Output the whole listing exactly, with no pictures.

## Data provided
====

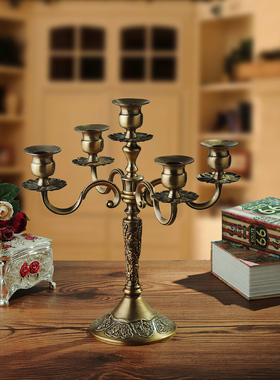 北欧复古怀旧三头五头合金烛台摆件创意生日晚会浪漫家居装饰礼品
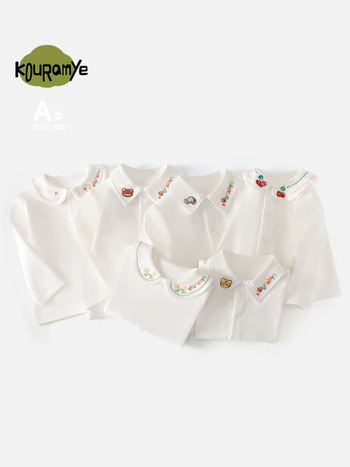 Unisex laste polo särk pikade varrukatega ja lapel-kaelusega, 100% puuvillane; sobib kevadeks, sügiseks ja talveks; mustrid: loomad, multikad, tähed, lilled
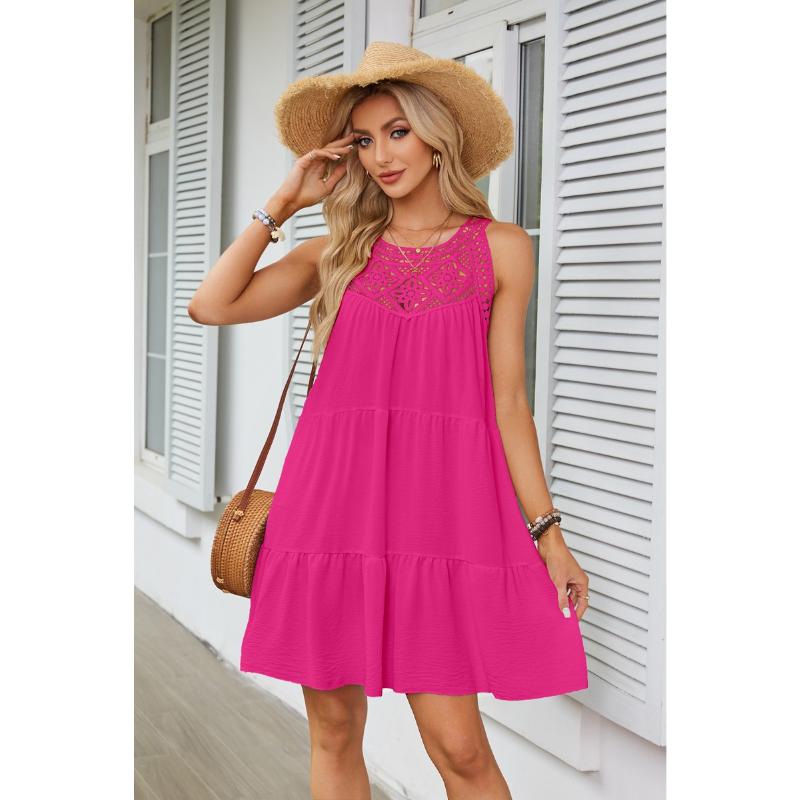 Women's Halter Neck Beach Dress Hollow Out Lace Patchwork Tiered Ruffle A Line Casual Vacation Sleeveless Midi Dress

====

## Answer to this problem
 北欧复古怀旧三头五头合金烛台摆件创意生日晚会浪漫家居装饰礼品
 Unisex laste polo särk pikade varrukatega ja lapel-kaelusega, 100% puuvillane; sobib kevadeks, sügiseks ja talveks; mustrid: loomad, multikad, tähed, lilled
 Women's Halter Neck Beach Dress Hollow Out Lace Patchwork Tiered Ruffle A Line Casual Vacation Sleeveless Midi Dress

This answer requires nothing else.